Noktasal mutasyonlar olarak adlandırılan mutasyonlar gen dizilimindeki bir genin yerini başka bir türde bir genin almasıdır. Bazı mutasyonlar ise DNA iplikçiklerinin kopmasından kaynaklanır. Hasar gören iplikçikler tamir edilirken hatalar oluşur ve mutasyonlar ortaya çıkar. Örneğin gen füzyonu olarak adlandırılan mutasyonlarda önce DNA’yı meydana getiren her iki iplikçik de kopar, sonra bu DNA parçaları yanlış parçalarla eşleşir.
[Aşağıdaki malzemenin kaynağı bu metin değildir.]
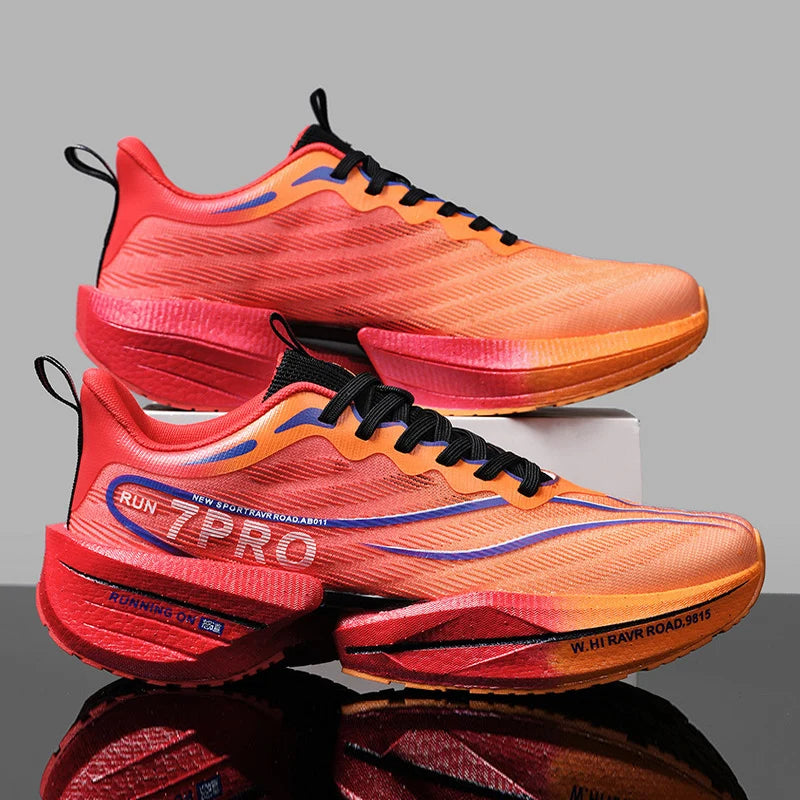 Herren-Sneaker mit Carbon-Platte, Outdoor-Sportschuhe mit weicher Sohle und Mesh-Obermaterial, Laufschuhe, leichte, rutschfeste Freizeitschuhe für Paare, Tennisschuhe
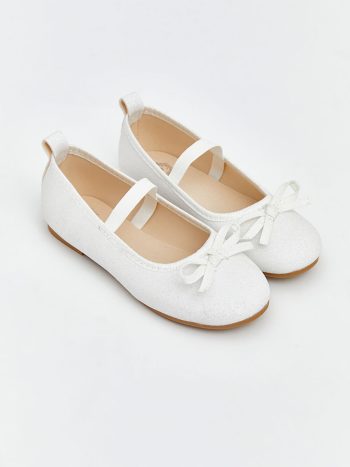 White Glitter Girls' Ballet Flats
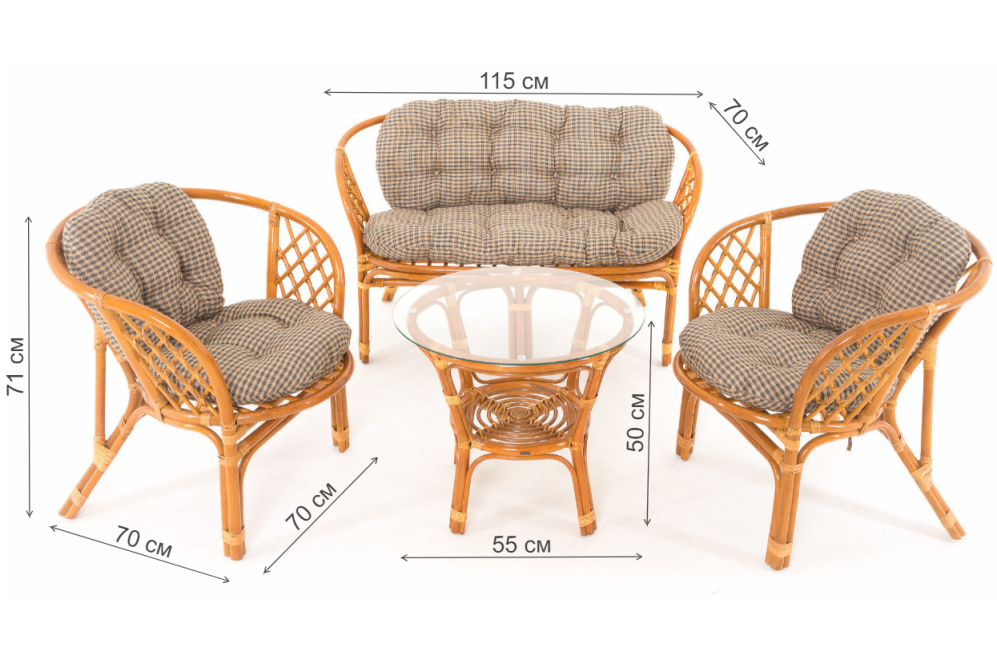 Комплект для отдыха из ротанга Багамы 01/16 коньяк / клетка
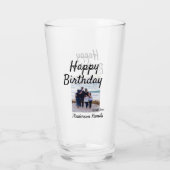 Gelukkige verjaardag foto familienaam elegante kla glas (Achterkant)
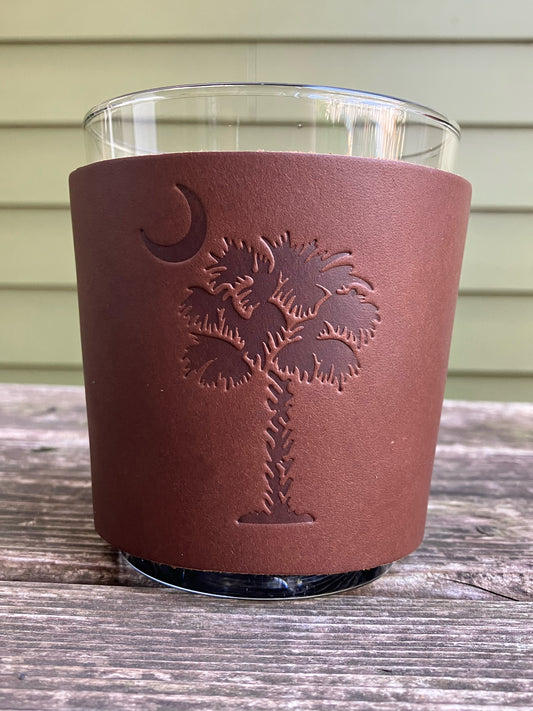 Leather Wrapped Whiskey Glass - Palmetto Moon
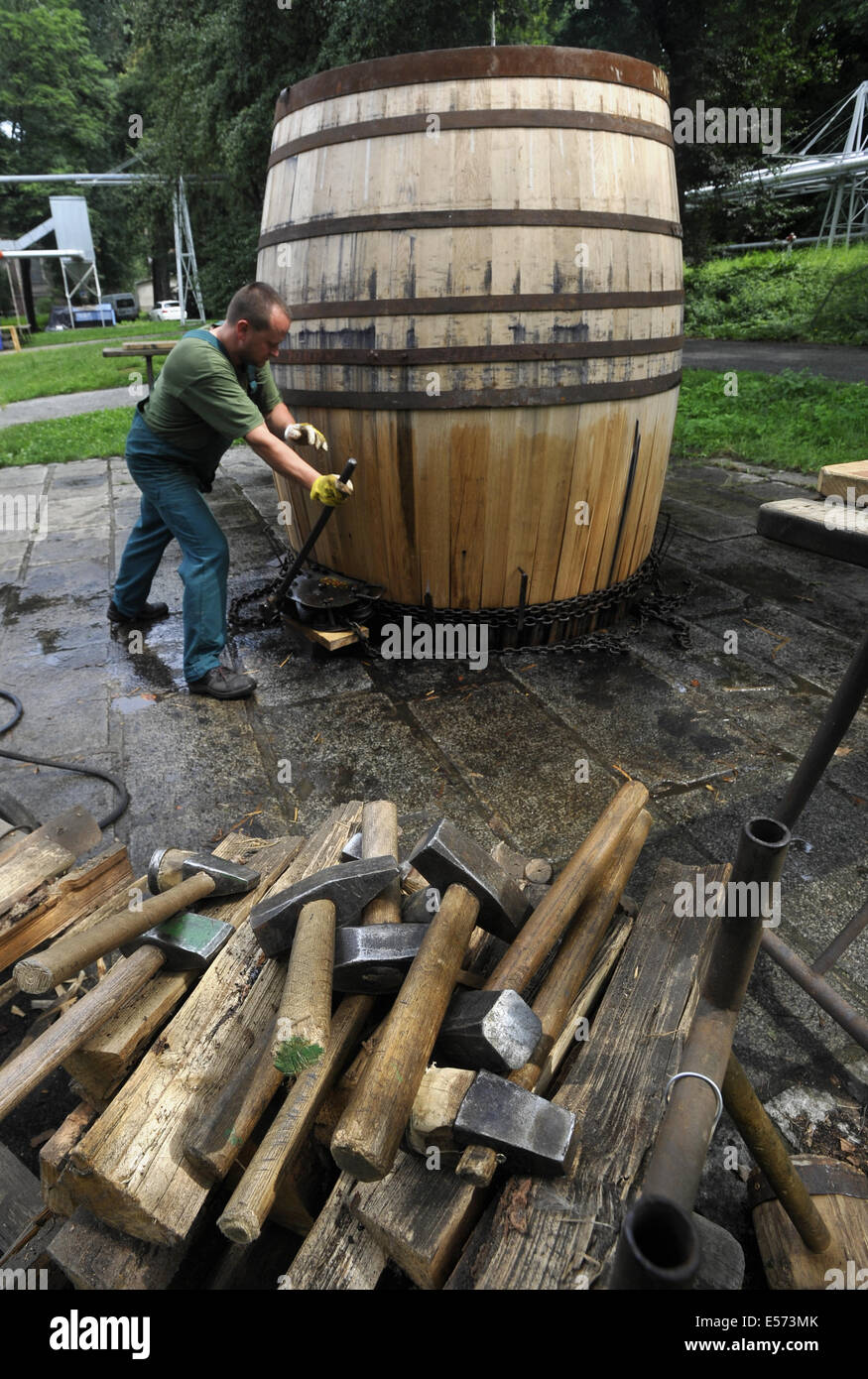 https www alamy com stock photo coopers roll make a giant wooden barrel in the pilsner urquell brewery 72071347 html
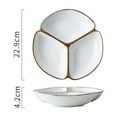 thumbnail image 7 of Fiocias Divided Plate Compartment Plate Leakproof Portion Control 3 Compartment Reusable white, 7 of 7
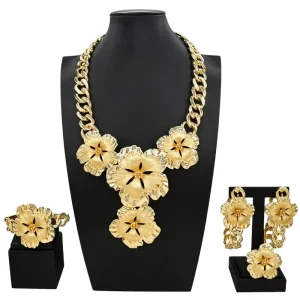 Gold Plated Flower Jewelry Set Chunky Chain Enamel Flower Necklace Earrings Bracelet Set for Women H20188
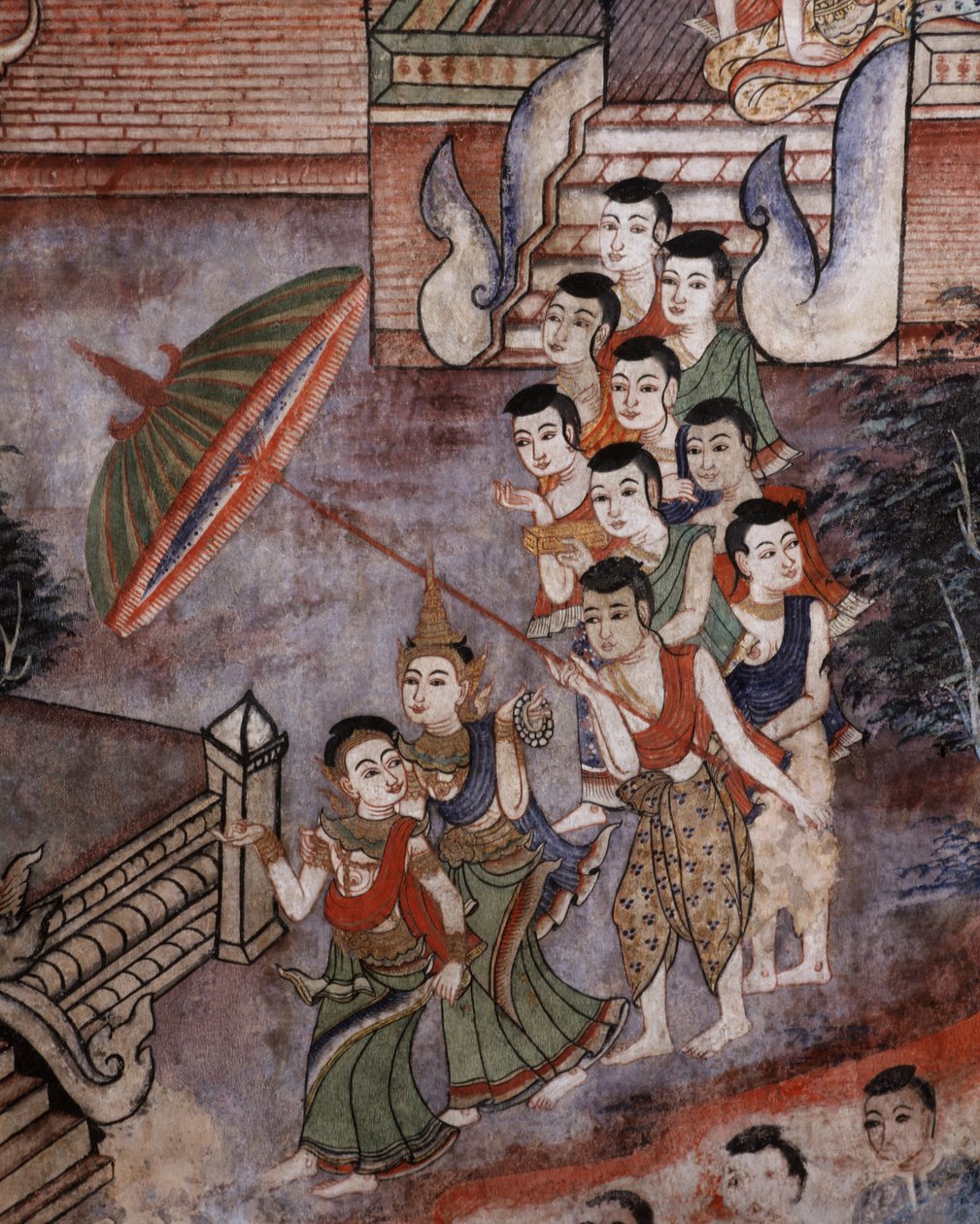 Részlet a Wat Phra Singh falfestményéről alkotó: Thai School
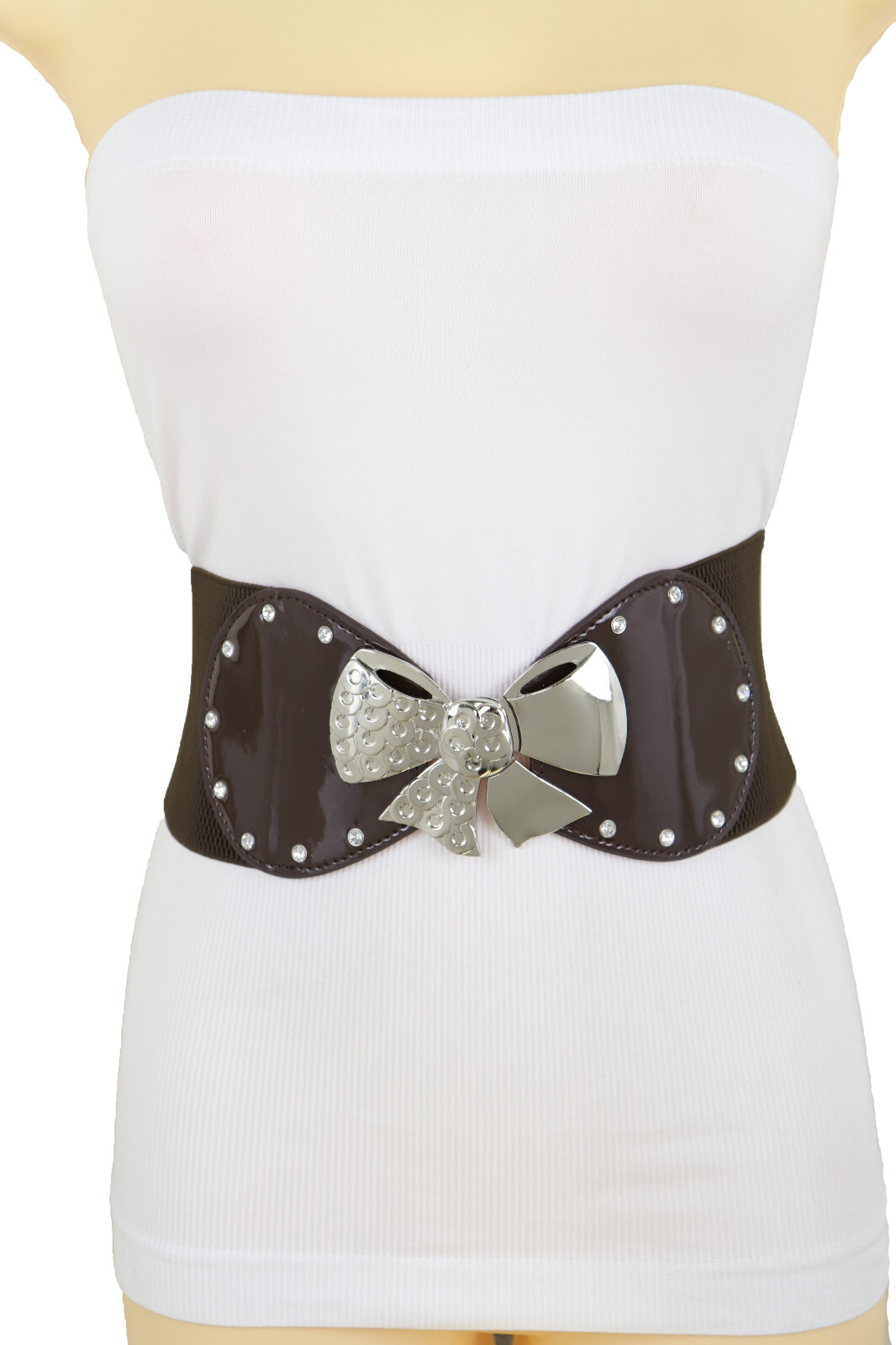 Women Dark Brown Wide Band Dress Belt Silver Metal Bow Tie Ribbon Buckle Fit S M
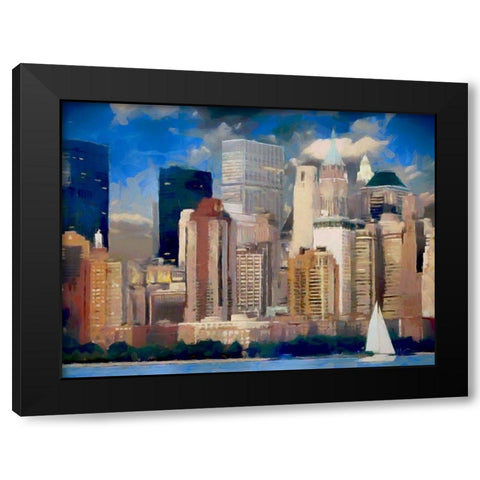 New York Skyline Black Modern Wood Framed Art Print with Double Matting by Bolokofsky, Ronald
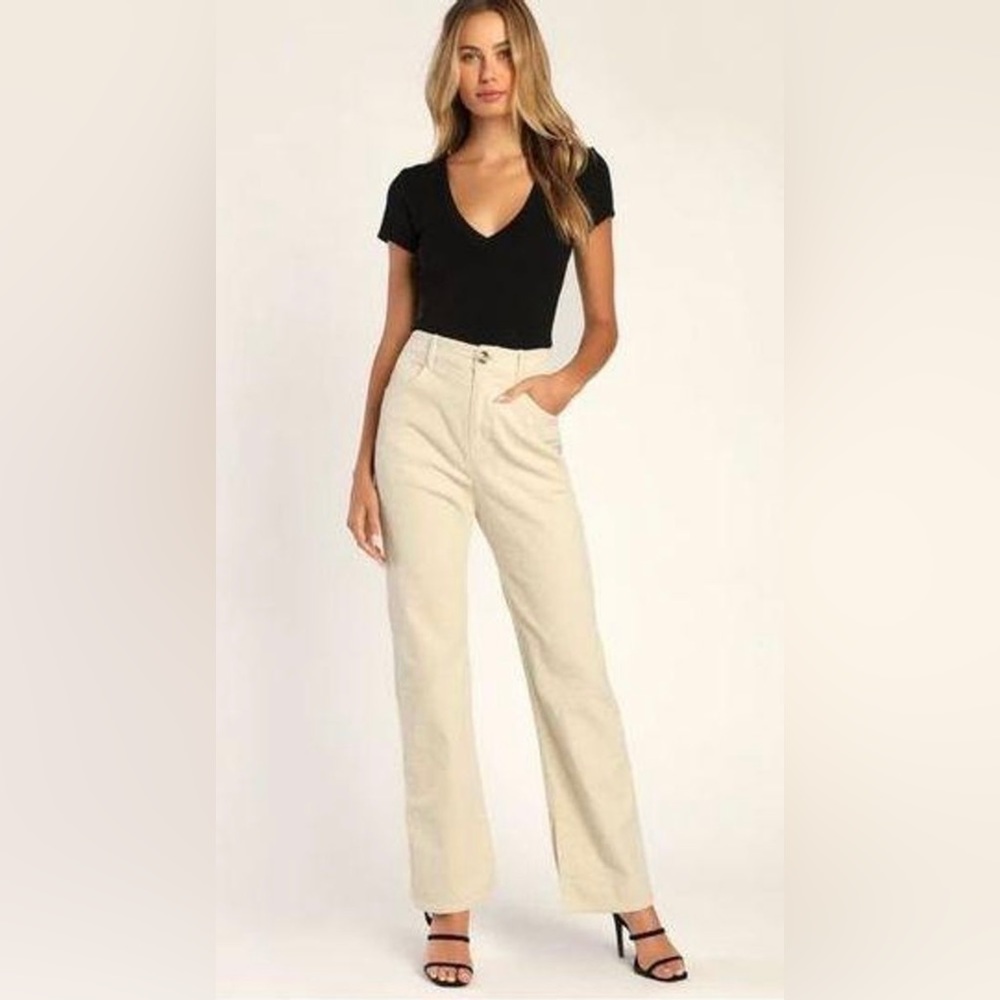 Lulus - ivory corderoy pants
Elde edilen sonuçlar sıradan insanlardaki tiroit kanserlerinin çoğunlukla noktasal mutasyonlardan kaynaklandığını gösteriyor. Çernobil kazasından etkilenmiş insanlarda ise gen füzyonları daha çok görülüyor. Üstelik hastalar Çernobil kazası yaşandığında ne kadar küçükse gen füzyonlarının görülme oranı da o kadar artıyor.
Araştırmacılar yapılan çalışmaların Çernobil Doku Bankası sayesinde mümkün olduğunu belirtiyorlar. Çalışma sırasında kullanılan yöntemler her ne kadar görece yakın zamanlarda geliştirilmiş olsa da Çernobil kazasının genetik sonuçları üzerine çalışmalar yapan araştırmacılar 20 yıldır kanserse yakalanan Çernobil mağdurlarından topladıkları tümör dokusu örneklerini Çernobil Doku Bankası’nda biriktiriyorlar.